PS: I hate this bloody countdown too…
Gianluigi Buffon there, the player who feels that the UK didn’t go far enough.
I know there are no words to Spain’s national anthem. But their fans seem to make some noise during it – whatever the Spanish for “lalala” is, presumably. So the team’s stony-faced silence is a bit disappointing. Especially alongside the genuinely stirring Italian two-parter. Italian fans signing this alongside a stirring rendition of Amrhan na Fhiann at Craven Cottage in 2013 is a memory which will live long for me.
Spain’s National Anthem going down like a cup of cold sick at the Stade de France, which makes you wonder just what is in store for England later.
Italian manager Antonio Conte has wielded the axe after the Azzurri’s crushing defeat to a rampant Irish side…wait…what?…oh… Well, despite qualifying for the knock-out stages early, Spain’s displays in France have had more in common with Brazil in 2014 than Euro 2012. I watched Spain/Czech Republic “as live” before they played Turkey and was surprised at how little they created with so much possession and how much the Czechs created with so little.

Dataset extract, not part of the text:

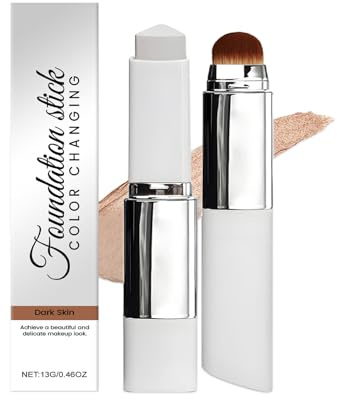 Farbwechsel Grundierung, Color Changing Foundation Stick mit Bürste, Full Coverage Concealer Foundation Primer für Makelloses Makeup, Lang Anhaltender, Hydratisierend, Natürliches Finish(Dunkle)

It didn’t look like the game about which I’d read.
So it isn’t just a deep-seated dislike for the perma-arrogant Sergio Ramos which makes me lean towards Italy this afternoon and their Juventus back line which is the closest in spirit and accomplishment to the old catenaccio (“door-bolt”) defence of Italy/Internazionale in the 60s and 70s. I mean, imagine a defence including Ramos and Portugal’s preposterous Pepe. How hated would THAT team be…oooh…hang on.

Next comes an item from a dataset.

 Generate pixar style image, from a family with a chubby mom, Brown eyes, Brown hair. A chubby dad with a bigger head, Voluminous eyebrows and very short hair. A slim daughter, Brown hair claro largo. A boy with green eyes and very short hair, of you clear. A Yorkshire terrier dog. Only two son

Not by much, admittedly, but I’m expecting/dreading more “Croatia/Portugal” than “Hungary/Belgium.”
The bogeyman cometh. Italy and Spain have been tearing strips off of one another for decades, but lately the team from the Iberian peninsula have firmly assumed the upper hand.. Spain summarily destroyed Italy in the 2012 European Championship final, and also beat them on penalties in the quarter final in 2008. In fact, Italy have not beaten Spain in a competitive international for 22 years, since Baggios Dino and Roberto scored the goals in a 2-1 quarter final win at the 1994 World Cup in Boston, MA.
Of course, if Italy do manage to get this particular monkey off their back this afternoon, Germany await the winner. And no team in international football is more of a bugbear than Italy are for the Germans. It’s a congested scene, one riven with possibilities and intrigue. Top hole, what what? Here are the teams for today:
ITALIA Buffon; Barzagli, Bonucci, Chiellini; De Rossi; Florenzi, Parolo, Giaccherini, Di Sciglio; Pelle, Eder.
ESPAÑA De Gea; Juanfran, Pique, Ramos, Jordi Alba; Busquets, Fabregas, Iniesta; Silva, Morata, Nolito.